Originally a bush track that ran along the ridge between Botany Bay and Sydney Harbour, by World War I Oxford Street had morphed into a boulevard that joined the city to the suburbs to its east. The history of this street – how it came to be built, and the people who came to live here – emulates the history of the city. Foley Street edges along the lower reaches of Oxford Street and forms a kind of backstage to the main stage of the boulevard on the ridge. It is in lanes like this the life that supported the main street has played out.

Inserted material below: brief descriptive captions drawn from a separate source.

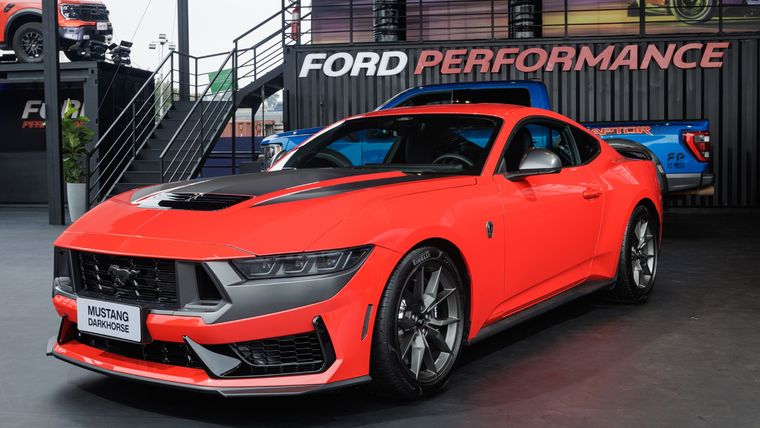 Ford suma tres versiones del Mustang en la región y lanza el Dark Horse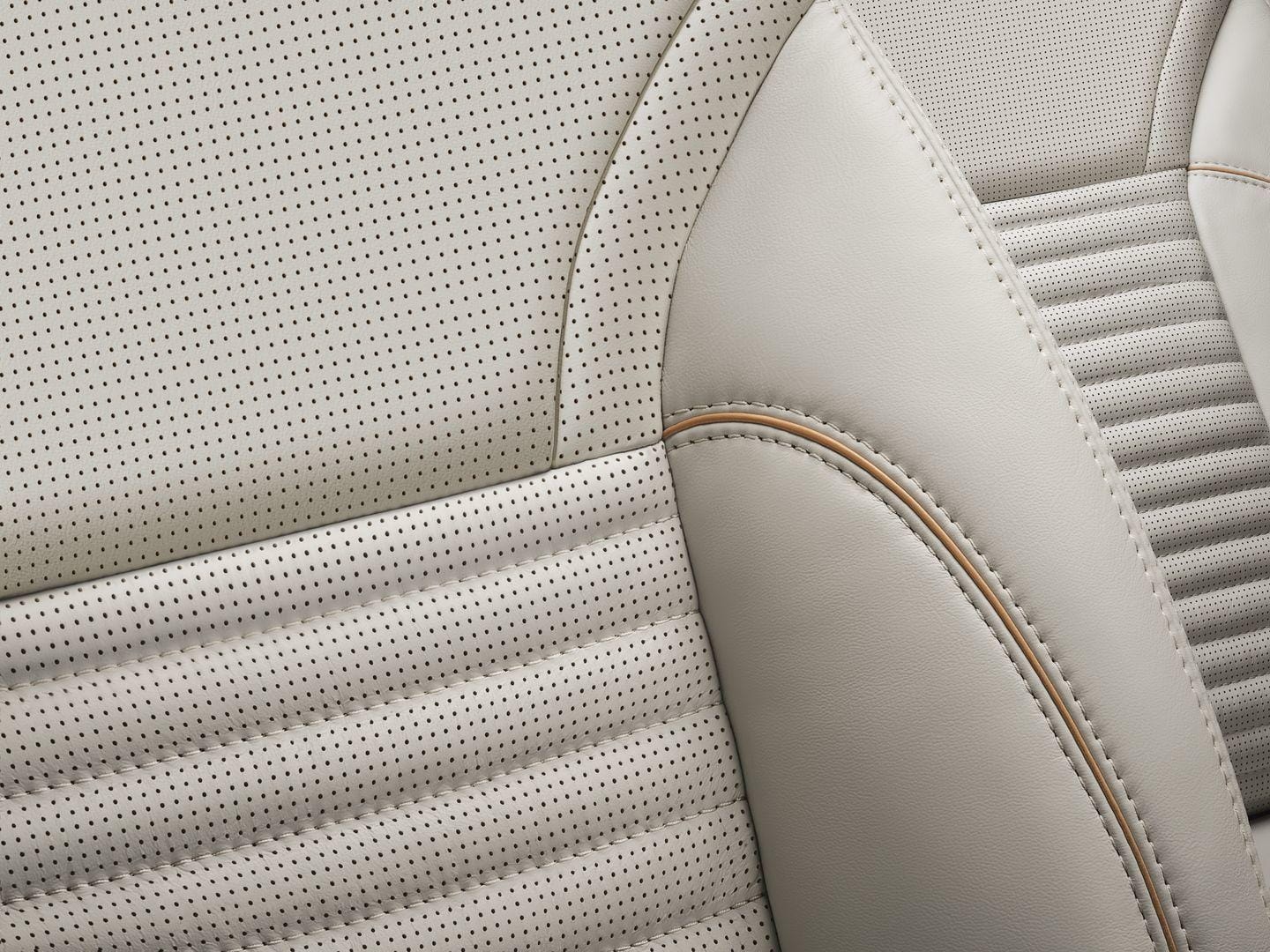 Detalle de la fina tapicería de cuero y costuras del asiento del Land Rover Discovery.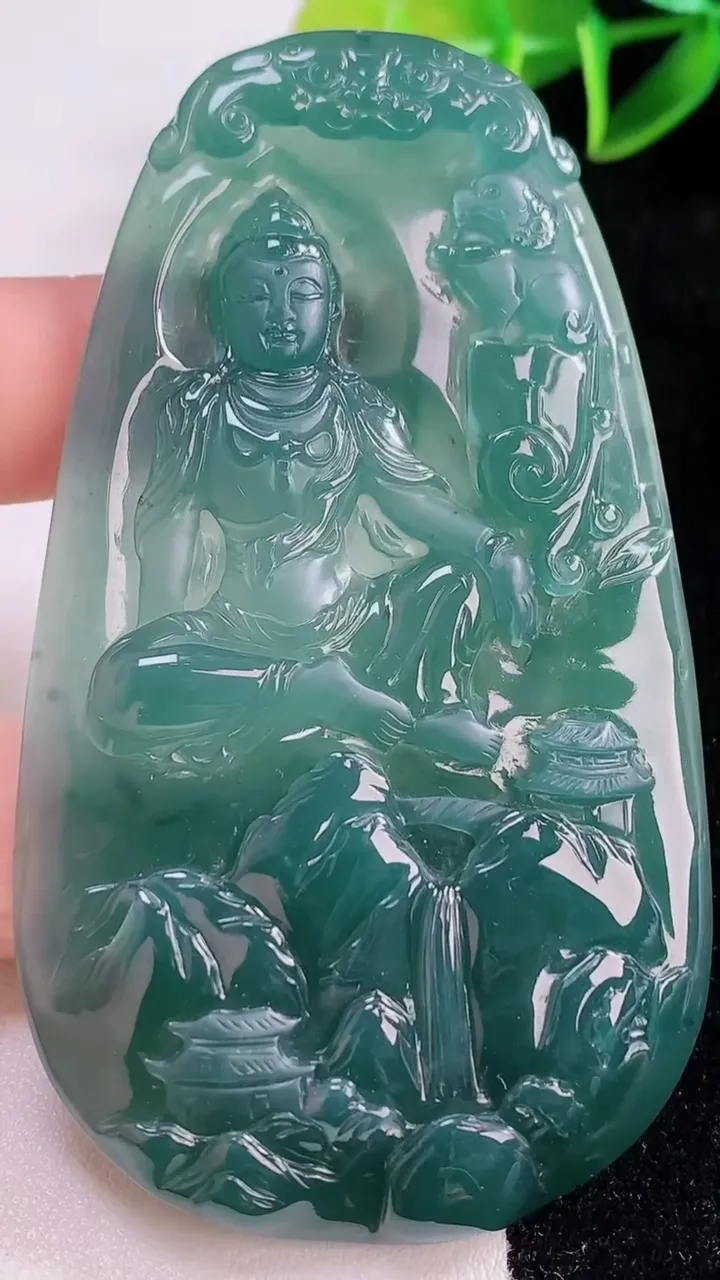 天然A货翡翠蓝水山水文殊菩萨吊坠，尺寸81.5-46.3-6.6，重量:52.27g
11月24日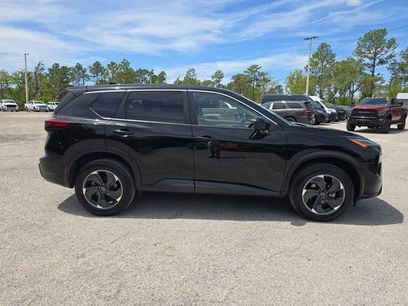 Used 2024 Nissan Rogue SV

The recurring motif throughout the artwork is hands, signifying the hand of the worker, artist, craftsmen, gardener and builder. At the beginning of the parade route the viewer is introduced to Larry Foley, an Australian boxer whose name is given to the street. It includes a section acknowledging the traditional owners and custodians of the land. Other sections represent victory celebrations and anti-war protests, federation celebrations in 1901, the Royal Easter Show Parade and the Mardi Gras Parade. Also included are areas representing thriving late nineteenth century business, the plague or ‘black death’ in the early 20th Century, and the diverse and shifting local cultures of the area. The mural finishes with another gigantic hand but it is a ‘victory’ sign this time.

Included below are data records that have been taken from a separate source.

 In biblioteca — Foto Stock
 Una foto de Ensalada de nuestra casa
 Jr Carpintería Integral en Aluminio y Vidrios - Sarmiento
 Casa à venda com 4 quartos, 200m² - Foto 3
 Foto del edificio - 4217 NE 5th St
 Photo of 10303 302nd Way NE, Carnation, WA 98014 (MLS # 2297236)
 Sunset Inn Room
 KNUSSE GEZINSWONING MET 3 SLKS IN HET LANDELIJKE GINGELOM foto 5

Using paint, collage, mixed media, photography and stencil, the varied and contrasting mediums employed by the artists play with the inherent polarities of the Darlinghurst and Oxford Street narrative. The often dark and gruesome history is melded with times of celebration. The work rejoices in the swinging pendulum of its fortunes, from cultural backwater to creative epicentre, from slum to designer living, a place of protest to a place of celebration, from the six o’clock swill to sophisticated cocktail culture, criminal to respectable, addict-ridden to health-driven. This is an area that has seen and been it all.
While the work honours the past, it also firmly places a stake in the ground for the present, celebrating the renewed creativity that is re-emerging in and around Oxford Street. The artists and the culture creators are here once again, building it with their hands (or the click of a mouse) and proclaiming: WE ARE HERE.